Collected data:

-.-.-

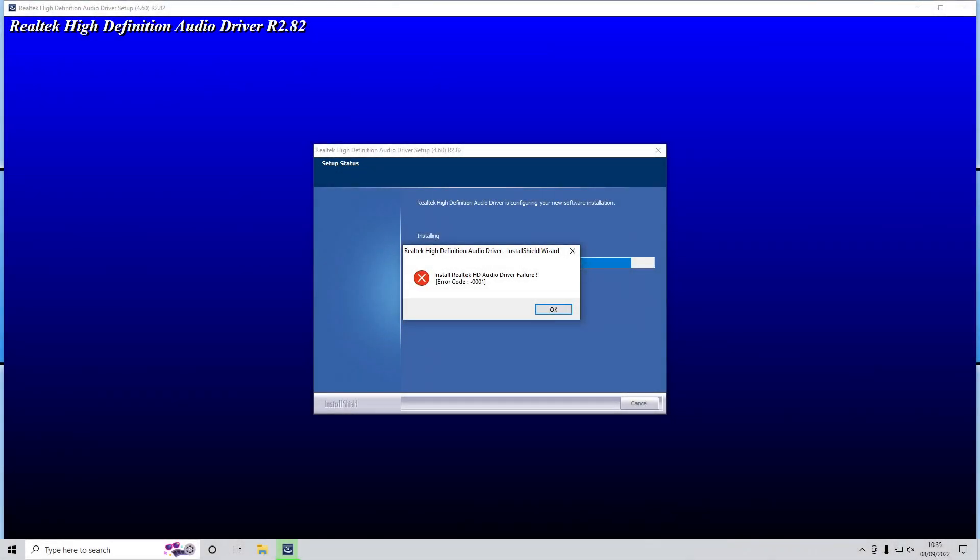In today's video I'll be showing you how to fix Realtek High Definition Audio Driver Error 0001. But before we get started, I've popped a link to our website where we may have added more methods on how you can fix this error if the methods in this video didn't help you out.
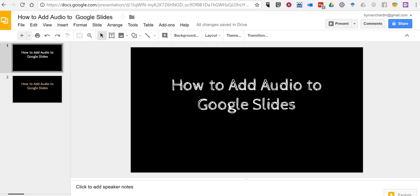Hi, I'm Richard Byrne. In this video I want to show you how you can add audio to your Google Slides using a convenient add-on from EdTech Team called Audio Player for Slides.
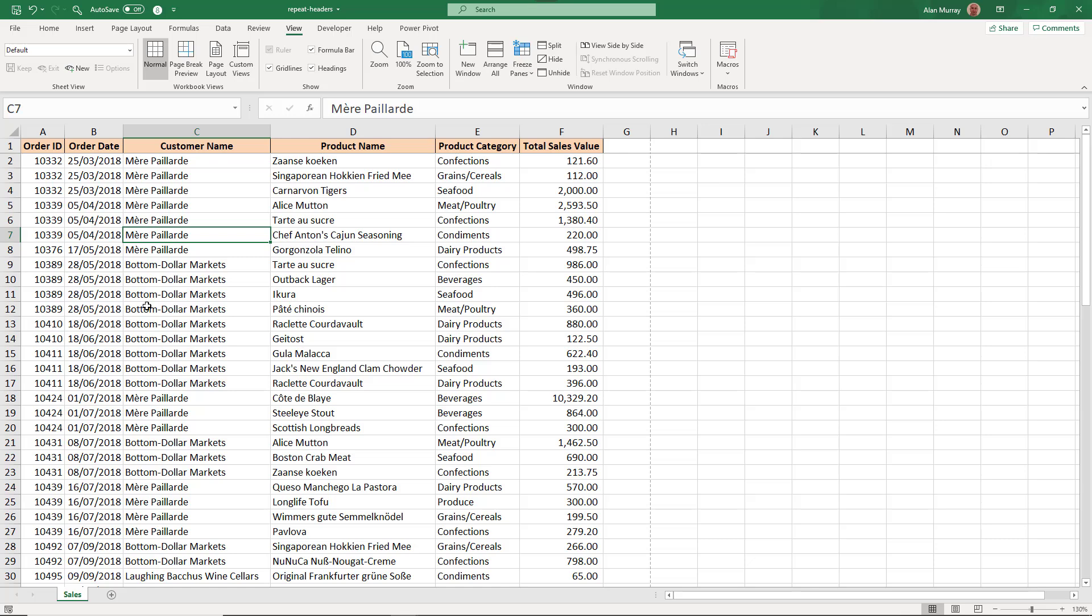Hello and welcome to this quick video on how to repeat your headers on every page of your print. There is a difference in Excel between what you see on screen and what you get when you print.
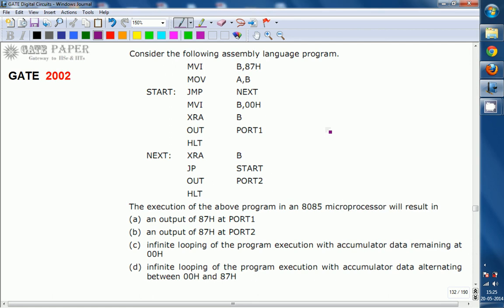Hello, we are discussing the GATE 2002 ECE paper and this question is related to microprocessors. Consider the following assembly language program.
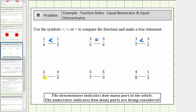Next we have two-fifths compared to four-fifths. Two-fifths means we're considering two parts where it takes five parts to make a whole, and four-fifths means we're considering four parts where again it takes five parts to make a whole. So for these two fractions the parts are the same size, but because for two-fifths we're considering fewer parts, two-fifths is less than four-fifths.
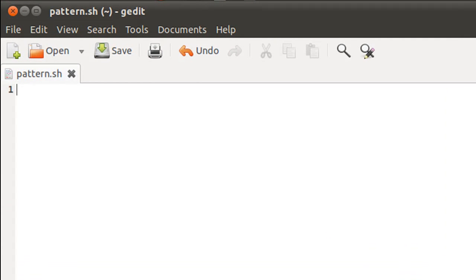To demonstrate the concept of nested loops I'm going to use a shell script. I'll bring up my text editor — I've saved this file in the home folder and given it the name 'pattern' with the extension .sh. What I'm going to do in this script is display all combinations of the numbers 1, 2, and 3. There can be 27 combinations, like 1-1-1, 1-2-2, 1-2-3, 2-2-2, 3-3-3, and so on.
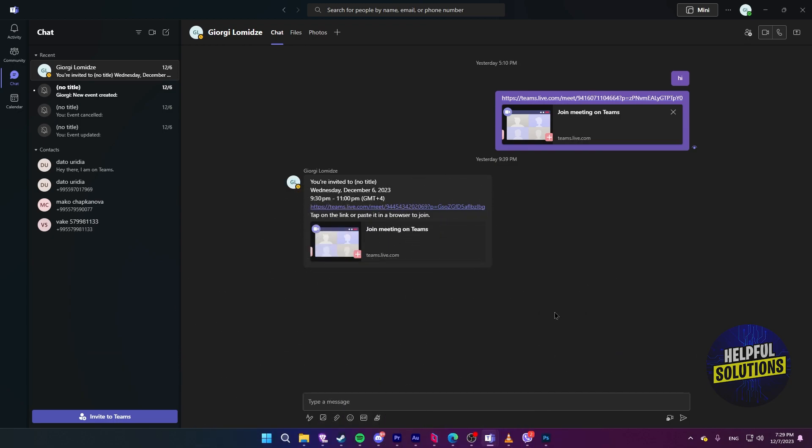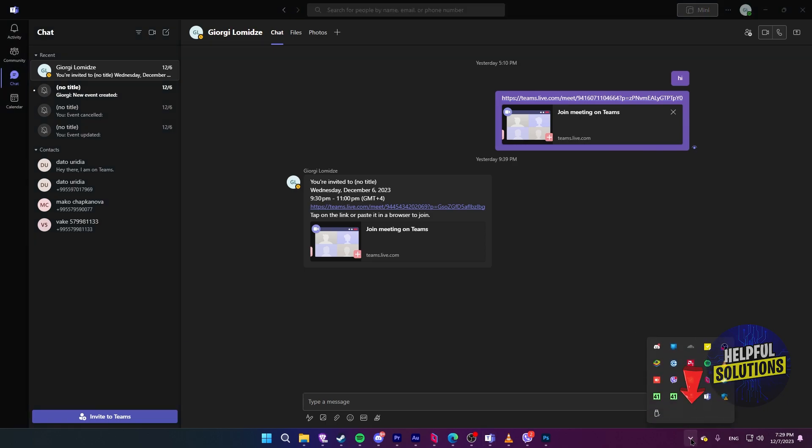If your Teams program ran into some problem and it's not responding, you can restart Teams by opening tray icons on the taskbar by clicking right here.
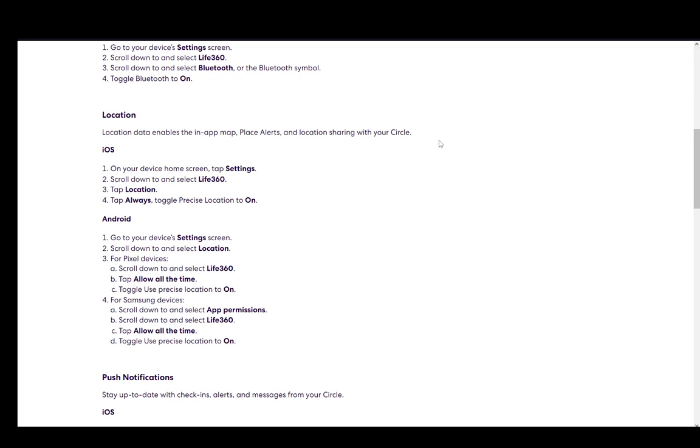And that is literally all you have to do to turn on your location. You also have options within the app itself. It will ask you to turn it on if you don't have it turned on. However, this is how you do it on your device. Hope you guys enjoyed and I'll be seeing you guys next time.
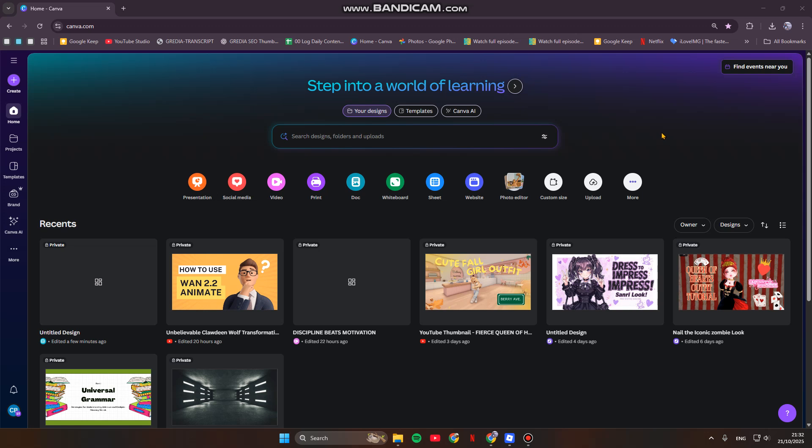Hi everyone, welcome back to this channel. If you're looking to boost your video content without the steep learning curve or high price tag, you are in the right place. Canva has evolved into an incredibly robust video editor, and today we're cutting through the noise and focusing on the fastest way to get a professional video out the door.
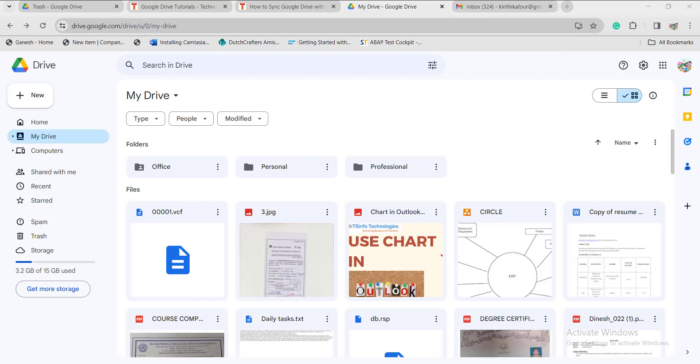Once you have saved, the Google Drive application can be accessed through the offline application as well. It will ask for a restart of the PC. Once you have done that, the changes will be made and if perfectly synced, you can access it offline as well.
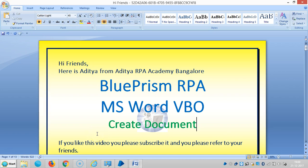Hi friends, now we are continuing to work with MS Word Visual Business Object. In this video we are going to see how to create a new document in Blue Prism RPA with the help of MS Word Visual Business Object.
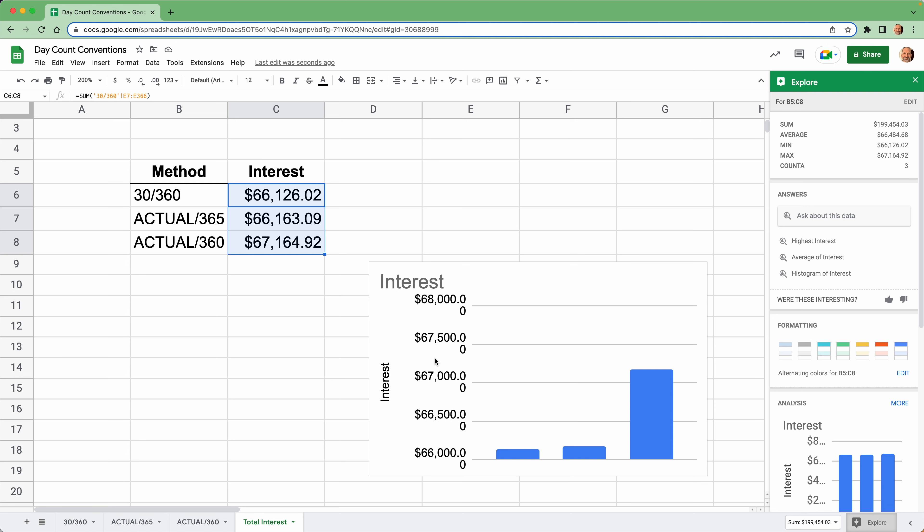We'll shrink this down to get it all on screen. You can see the amount of interest between the three methods, considering the entire loan, is pretty close. But let's zoom in by customizing the chart — we'll change the vertical axis minimum to 66,000 and maximum to 68,000. Now you can clearly see the difference between the three methods. The moral of the story: watch out for the Actual over 360 method. It's probably not going to break the bank, but it's going to charge you a little bit more.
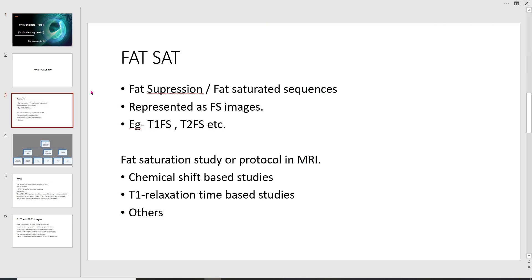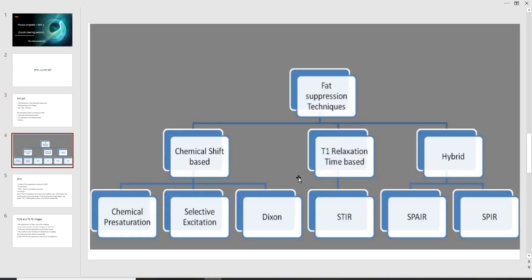Fat suppression is the broad terminology here. There are quite a few fat suppression sequences used in routine MRI. The most common ones are fat-saturated sequences — T1 FS or T2 FS. There are other fat suppression techniques involving chemical shift-based studies, T1 relaxation time-based studies, and hybrid methods. This flowchart summarizes fat suppression techniques as chemical shift-based, T1 relaxation time-based, or hybrid-based.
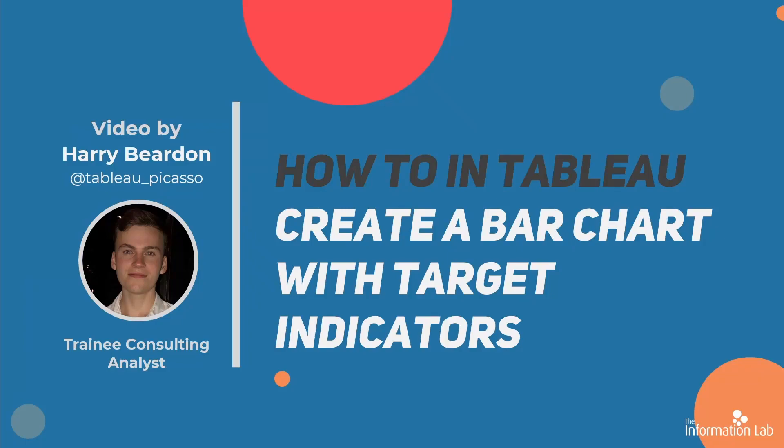Hi, I'm Harry Bearden from DataSchools Cohort 23 and today I'll show you how to create bar charts with reference lines for targets. This is a very clear way to communicate to stakeholders how close they are to meeting targets.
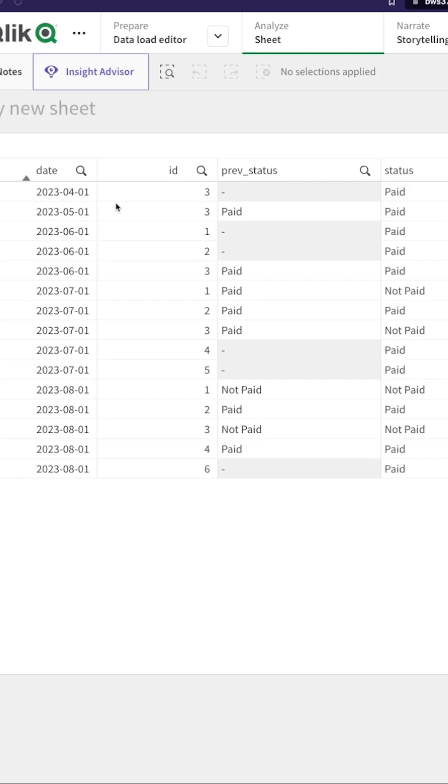Hey guys and welcome back. I have all my customer IDs and I have different status whether they've paid or not for different months. What if I want to know in a single column what is the previous status, that is have they paid for the previous month or not?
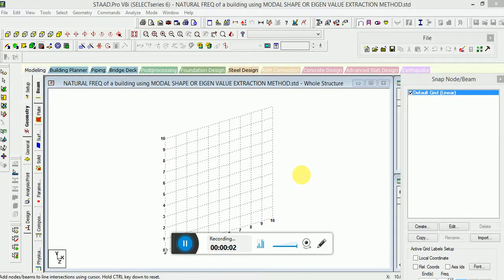Hello guys, this is the next part of the Systemic Design — Calculating the Natural Frequency of a Building. Earlier we discussed the Rayleigh method; today we will discuss the mode shape method, also known as the eigenvalue extraction method.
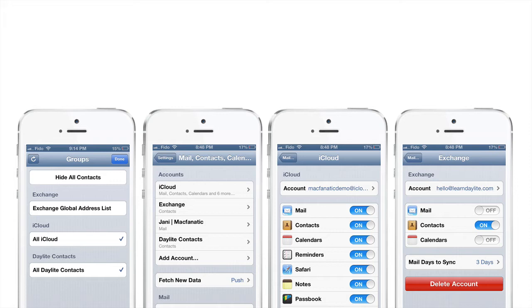This is especially useful if you wanted to manage your personal contacts with iCloud and leave Daylight for all business-related contacts.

-.-.-

Transcribe each entry exactly; images stay out.

▶ **Finished exercise**:
In today's video I'll be showing you how to fix Realtek High Definition Audio Driver Error 0001. But before we get started, I've popped a link to our website where we may have added more methods on how you can fix this error if the methods in this video didn't help you out.
Hi, I'm Richard Byrne. In this video I want to show you how you can add audio to your Google Slides using a convenient add-on from EdTech Team called Audio Player for Slides.
Hello and welcome to this quick video on how to repeat your headers on every page of your print. There is a difference in Excel between what you see on screen and what you get when you print.
Hello, we are discussing the GATE 2002 ECE paper and this question is related to microprocessors. Consider the following assembly language program.
Next we have two-fifths compared to four-fifths. Two-fifths means we're considering two parts where it takes five parts to make a whole, and four-fifths means we're considering four parts where again it takes five parts to make a whole. So for these two fractions the parts are the same size, but because for two-fifths we're considering fewer parts, two-fifths is less than four-fifths.
To demonstrate the concept of nested loops I'm going to use a shell script. I'll bring up my text editor — I've saved this file in the home folder and given it the name 'pattern' with the extension .sh. What I'm going to do in this script is display all combinations of the numbers 1, 2, and 3. There can be 27 combinations, like 1-1-1, 1-2-2, 1-2-3, 2-2-2, 3-3-3, and so on.
If your Teams program ran into some problem and it's not responding, you can restart Teams by opening tray icons on the taskbar by clicking right here.
And that is literally all you have to do to turn on your location. You also have options within the app itself. It will ask you to turn it on if you don't have it turned on. However, this is how you do it on your device. Hope you guys enjoyed and I'll be seeing you guys next time.
Hi everyone, welcome back to this channel. If you're looking to boost your video content without the steep learning curve or high price tag, you are in the right place. Canva has evolved into an incredibly robust video editor, and today we're cutting through the noise and focusing on the fastest way to get a professional video out the door.
Once you have saved, the Google Drive application can be accessed through the offline application as well. It will ask for a restart of the PC. Once you have done that, the changes will be made and if perfectly synced, you can access it offline as well.
Hi friends, now we are continuing to work with MS Word Visual Business Object. In this video we are going to see how to create a new document in Blue Prism RPA with the help of MS Word Visual Business Object.
We'll shrink this down to get it all on screen. You can see the amount of interest between the three methods, considering the entire loan, is pretty close. But let's zoom in by customizing the chart — we'll change the vertical axis minimum to 66,000 and maximum to 68,000. Now you can clearly see the difference between the three methods. The moral of the story: watch out for the Actual over 360 method. It's probably not going to break the bank, but it's going to charge you a little bit more.
Fat suppression is the broad terminology here. There are quite a few fat suppression sequences used in routine MRI. The most common ones are fat-saturated sequences — T1 FS or T2 FS. There are other fat suppression techniques involving chemical shift-based studies, T1 relaxation time-based studies, and hybrid methods. This flowchart summarizes fat suppression techniques as chemical shift-based, T1 relaxation time-based, or hybrid-based.
Hi, I'm Harry Bearden from DataSchools Cohort 23 and today I'll show you how to create bar charts with reference lines for targets. This is a very clear way to communicate to stakeholders how close they are to meeting targets.
Hey guys and welcome back. I have all my customer IDs and I have different status whether they've paid or not for different months. What if I want to know in a single column what is the previous status, that is have they paid for the previous month or not?
Hello guys, this is the next part of the Systemic Design — Calculating the Natural Frequency of a Building. Earlier we discussed the Rayleigh method; today we will discuss the mode shape method, also known as the eigenvalue extraction method.
This is especially useful if you wanted to manage your personal contacts with iCloud and leave Daylight for all business-related contacts.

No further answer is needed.